GAMA202627 (also known as G202627 or PGC 165514) is a barred spiral galaxy similar to our own Milky Way, located 700 million light-years from Earth
in the Constellation of Hydra.

The galaxy was described in a 2012 paper
by astronomer Dr Aaron Robotham, jointly from the University of Western Australia node of the International Centre for Radio Astronomy Research (ICRAR) and the University of St Andrews in Scotland, when he searched for groups of galaxies similar to ours in the most detailed map of the local Universe yet, the Galaxy And Mass Assembly survey (GAMA). The Galaxy and Mass Assembly (GAMA) survey is an international collaboration led from ICRAR and the Australian Astronomical Observatory to map our local Universe in closer detail. The galaxy has a redshift measured at z = 0.051219 +/- 0.000123, which corresponds to a distance of 705 Mly, or 216 Mpc.

Dr Robotham noted, "We found about 3% of galaxies similar to the Milky Way have companion galaxies like the Magellanic Clouds, which is very rare indeed. In total we found 14 galaxy systems that are similar to ours, with two of those being an almost exact match."

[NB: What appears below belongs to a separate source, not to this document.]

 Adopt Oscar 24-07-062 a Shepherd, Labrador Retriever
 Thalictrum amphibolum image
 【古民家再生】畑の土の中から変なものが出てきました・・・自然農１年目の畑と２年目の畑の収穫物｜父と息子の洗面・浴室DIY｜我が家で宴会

The Milky Way is surrounded by its close companions, the Large and Small Magellanic Clouds, which are visible in the southern sky. Many galaxies have smaller galaxies in orbit around them, but few have two that are as large as the Magellanic Clouds. That is why GAMA202627 is so unique as it has two massive satellite galaxies in close proximity.